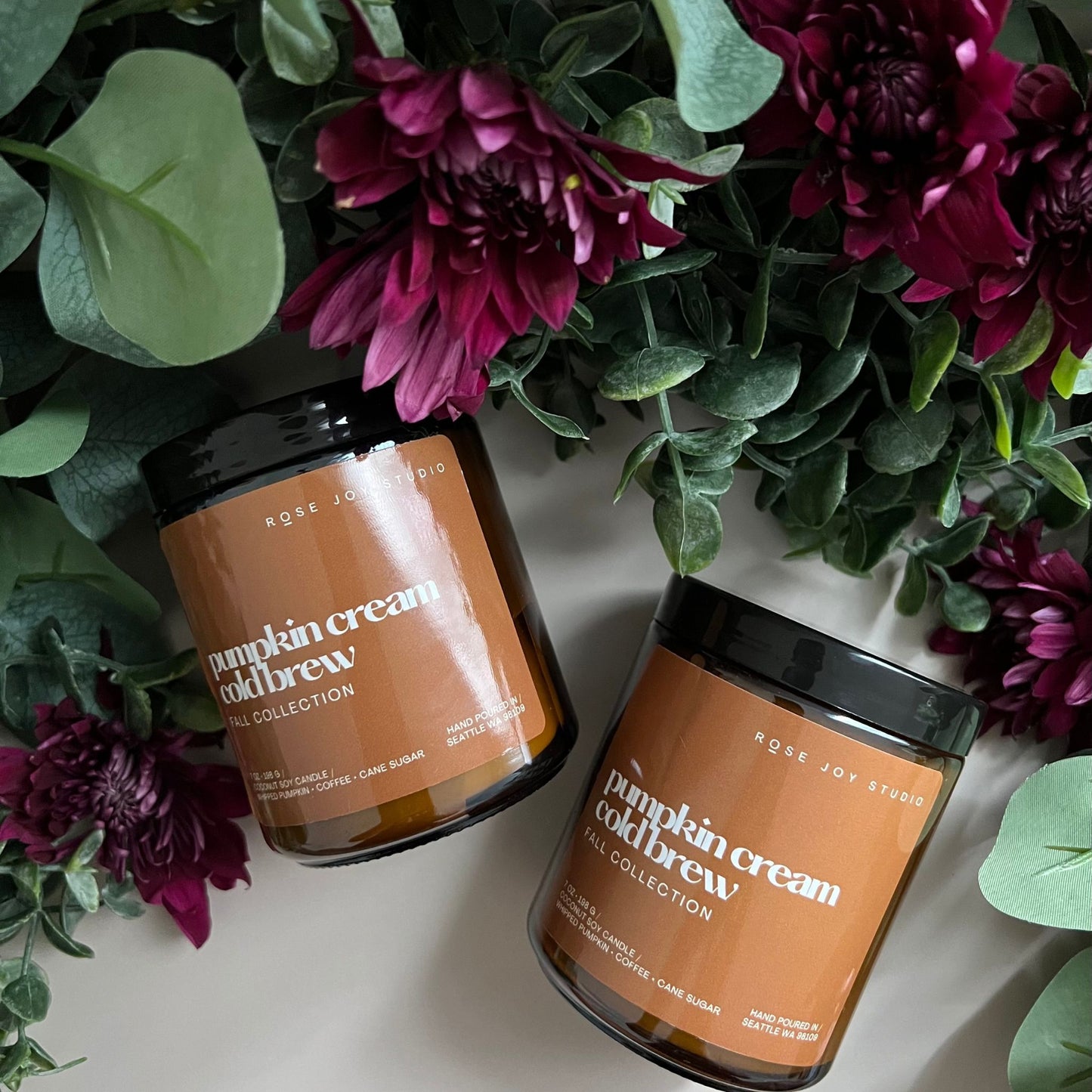 Pumpkin Cream Cold Brew | Coconut Soy Candle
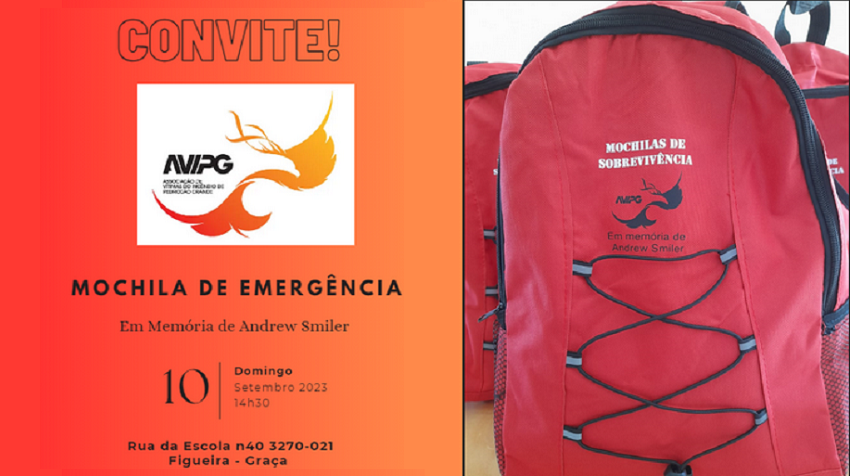 Portuguese Fire Victims Association launches a “survival backpack” in honour of a Jewish thinker
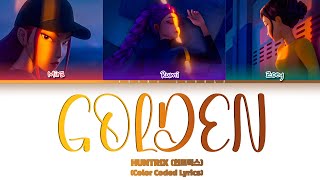 Huntrix 헌트릭스 Kpop Demon Hunters Golden Color Coded Lyrics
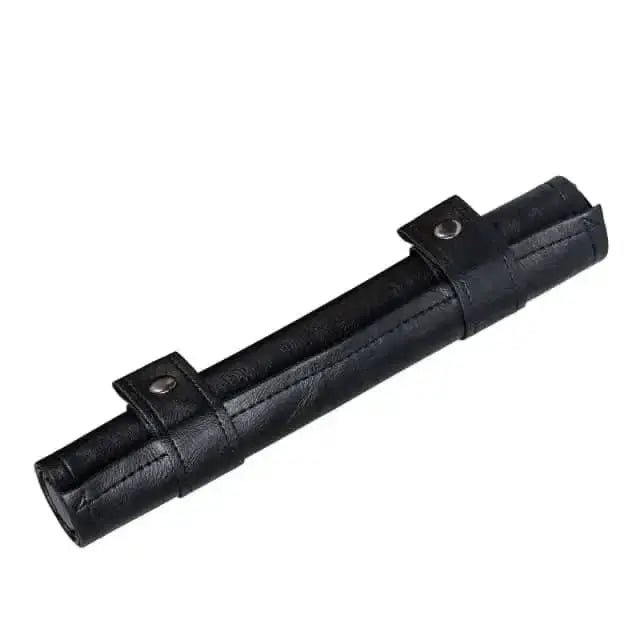 Scroll of Holding (Black) | Vegan Leather Dice Mat - The Ork Forge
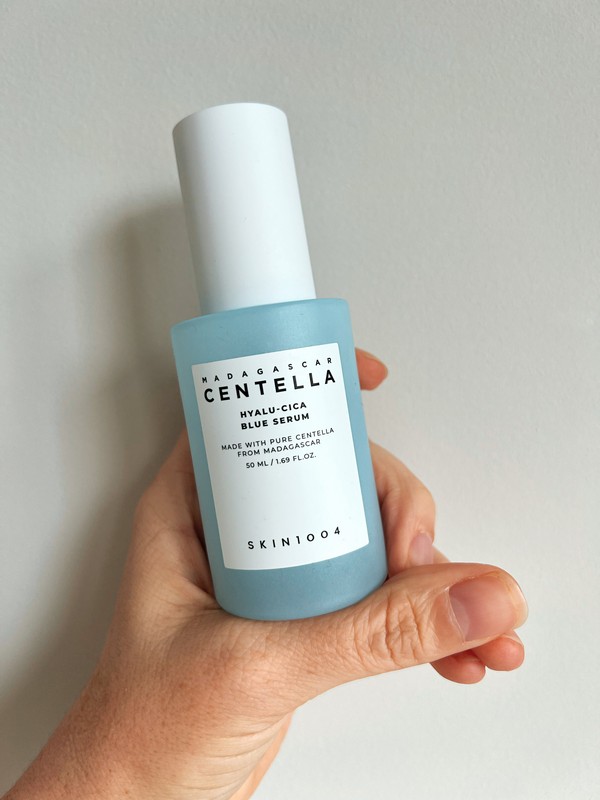 SKIN1004: Madagascar Centella Hyalu-Cica Blue Serum Review, Korean skincare, Kbeauty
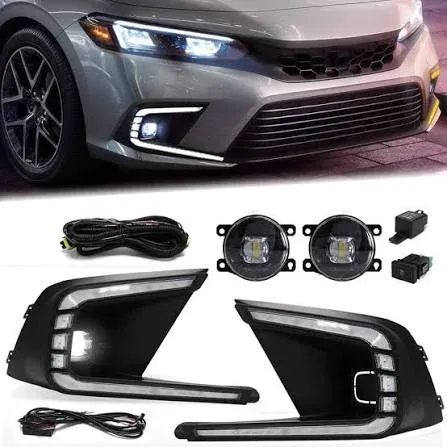 Honda Civic Front Bumper Elegant DRL 2022-2024
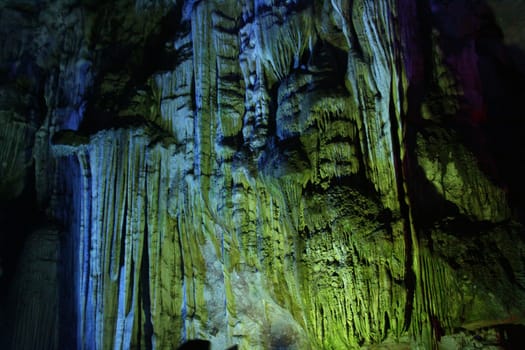 Cave formation in Yangshuo; China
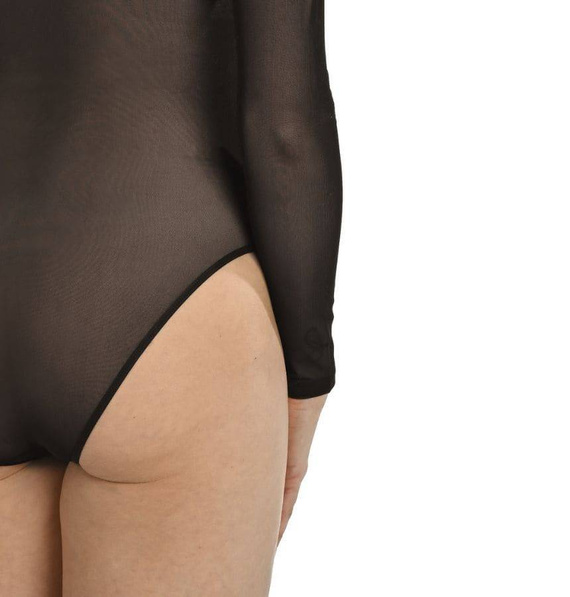 Body z transparentnej siateczki z półgolfem 2435 Amy Teyli - black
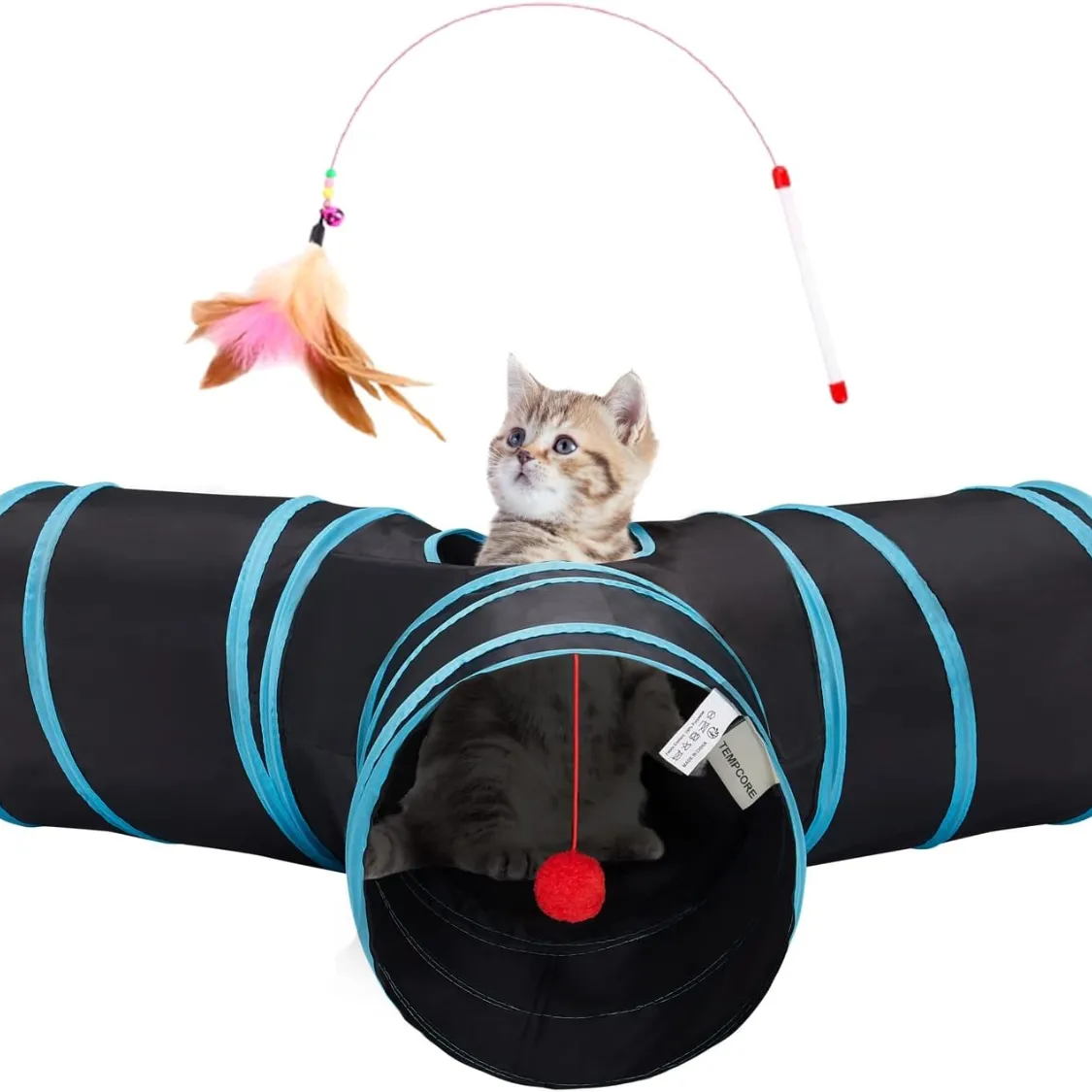 Pet Cat Tunnel Tube Toys 3 Way Collapsible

Work to complete: Once the pictures are dropped, repeat the data above exactly.

Written solution:
 Pumpkin Cream Cold Brew | Coconut Soy Candle
 Portuguese Fire Victims Association launches a “survival backpack” in honour of a Jewish thinker
 Huntrix 헌트릭스 Kpop Demon Hunters Golden Color Coded Lyrics
 Scroll of Holding (Black) | Vegan Leather Dice Mat - The Ork Forge
 SKIN1004: Madagascar Centella Hyalu-Cica Blue Serum Review, Korean skincare, Kbeauty
 Honda Civic Front Bumper Elegant DRL 2022-2024
 Cave formation in Yangshuo; China
 Body z transparentnej siateczki z półgolfem 2435 Amy Teyli - black
 Pet Cat Tunnel Tube Toys 3 Way Collapsible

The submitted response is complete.